I have a friend who said once that having a child “sets the Fun Clock back about five years.” It’s true — there’s some kind of threshold that kids reach at age five that allows families to return to adventurous things: staying up a little later, traveling a little further, hiking a little longer without having as many mishaps or meltdowns. No more strollers and diaper bags. No more revolving everyone’s schedule around naptime.
And then there’s kindergarten.
I’ve kept a running tally of things I promised to do for myself once Katie began kindergarten. I thought I would have to push myself to accomplish them once I saw her off on her first day of school, but nope: I’ve gleefully dived right into all of them.
I’m studying piano seriously for the first time in decades. (This is fulfilling a promise I made to myself when I was eighteen, to tell the truth.) My first lesson is this coming Wednesday, and I’m so excited!
I’m also writing again. My goal is at least 500 words of New Project (although most days I exceed that), then an hour of revising Old Project. Right now the revisions consist mainly of transferring files into Scrivener, a word processing program designed specifically for writers that I’ve wanted to get for years and can now happily afford. No, I will not tell you what either project entails. That usually lets the magic seep out of the balloon, as it were.
I went to the temple all by myself last week. It was great, but exhausting with the drive time, so I didn’t get any writing done that day. The new procedure is to write first, then outings after.
And then I began the Seattle Stairway Walks. This is a book of urban hikes that are designed to travel along all of the stairway sidewalks that wind up and down the hills of the city.
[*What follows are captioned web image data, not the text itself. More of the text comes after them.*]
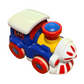 4 x 3.5" Diecast Metal Mini Macaron Pull-and-Go Trains Set
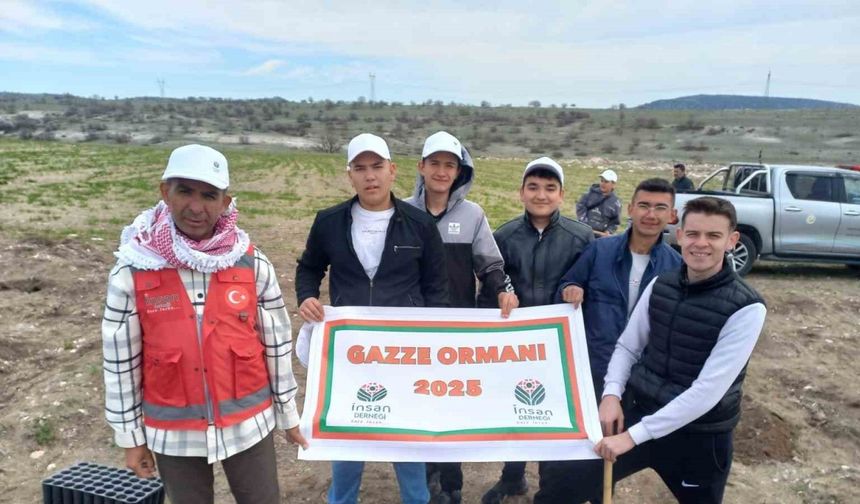 Kütahya’da "Gazze Ormanı" kuruldu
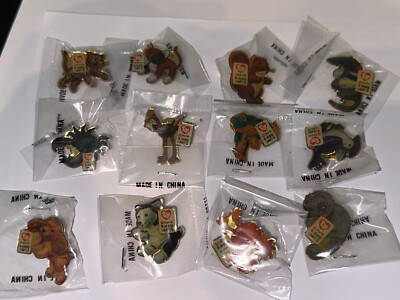 Pin - Ty Beanie Bear  Pin Sammlung 12 verschiedene OVP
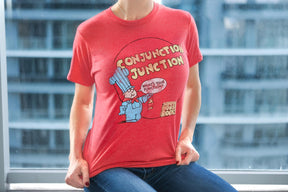 Schoolhouse Rock! “Conjunction Junction” Adult T-Shirt - Red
I completed my first one this week, in the Fremont neighborhood. (Yes, I wrote my 500 words before I left.)
Part of the spontaneity was from the weather — a warm, sunny day! Gotta take advantage of those while they are still around.
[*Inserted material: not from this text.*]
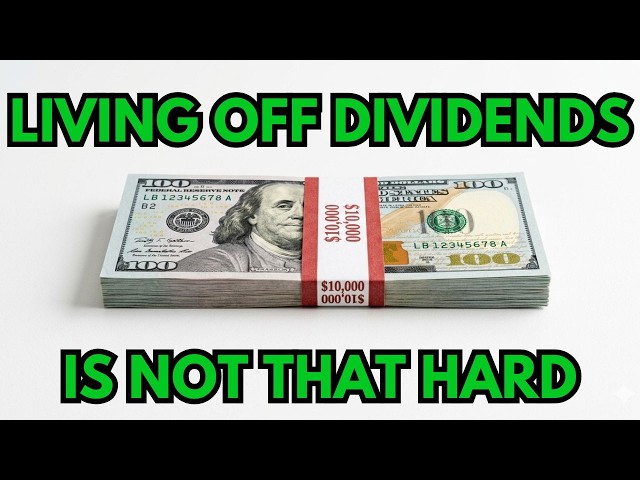 Living Off Dividends is Not as Hard as You Think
Fremont is a neighborhood that prides itself on a quirky, artsy atmosphere. I didn’t see much of that trademark quirkiness, though, as the hike kept mostly to residential neighborhoods.
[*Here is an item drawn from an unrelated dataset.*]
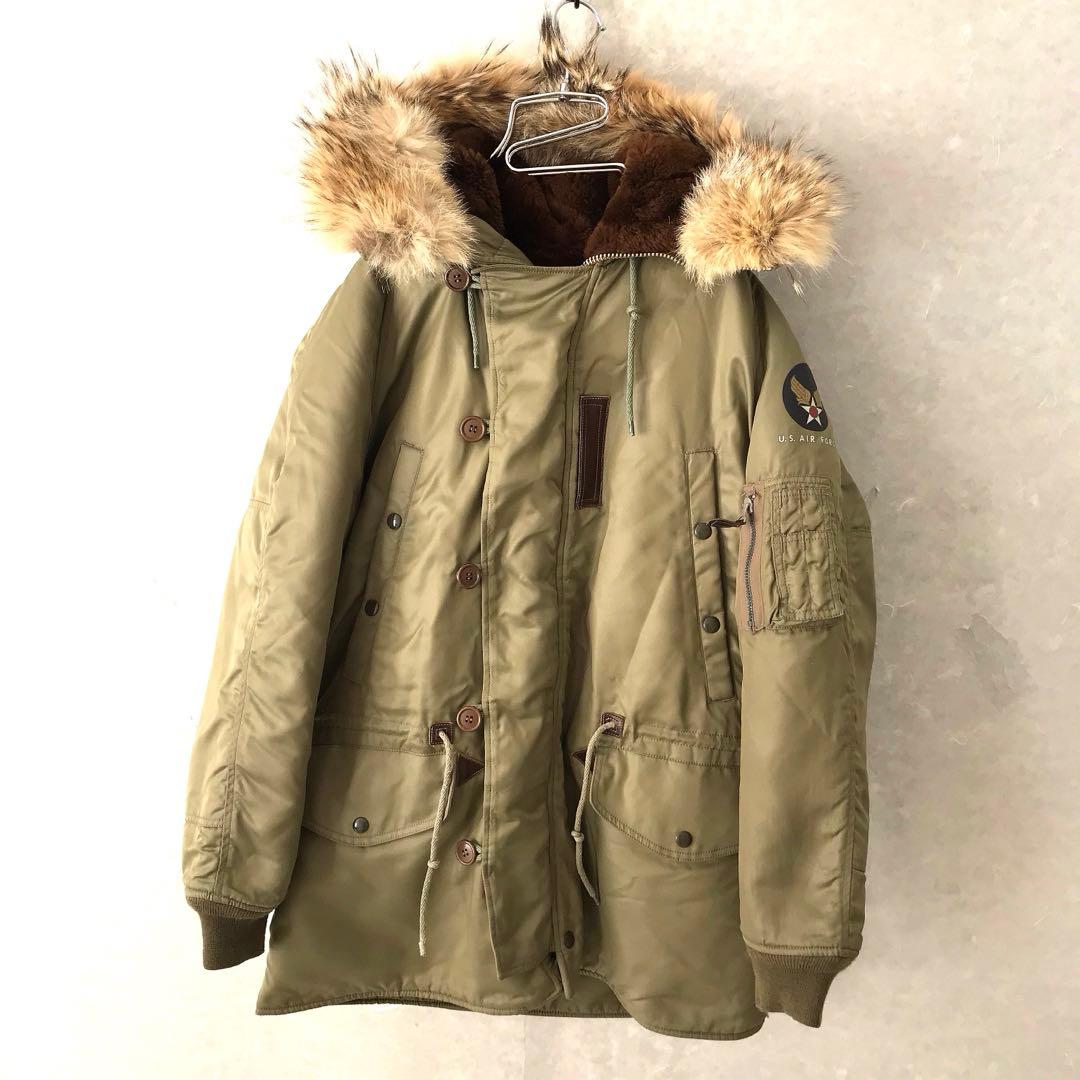 フェローズ CCマスターズ N-3B フライトジャケット レア カーキ L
The stairways were magical — often not immediately visible to sidewalk strollers, unless you knew what to look for. Railings and steps were tucked in between two houses at a street’s dead end, or tucked behind bushes or car guard railings.
It was a good workout, too. I went down 108 steps and up 306 steps, plus a lot of hill-climbing. The hike was a 3.2 mile circuit, completed in a little less than 2 hours. If that seems slow to you, keep in mind that I frequently stopped to take pictures, and also that I was often delayed by such things as traffic lights.
My only regret is that I forgot to bring a water bottle with me. I was parched by the time I reached the famous Lenin statue. Fortunately, there was a cafe nearby where I could buy a bottle of water. I thought I’d sip it slowly for the rest of the walk, but I ended up chugging it down in thirty seconds.
I felt so wonderful on the drive home — energized and relaxed. Hiking is truly my favorite form of exercise, and now I can do it whenever I want, thanks to the Fun Clock being reset again. Hooray!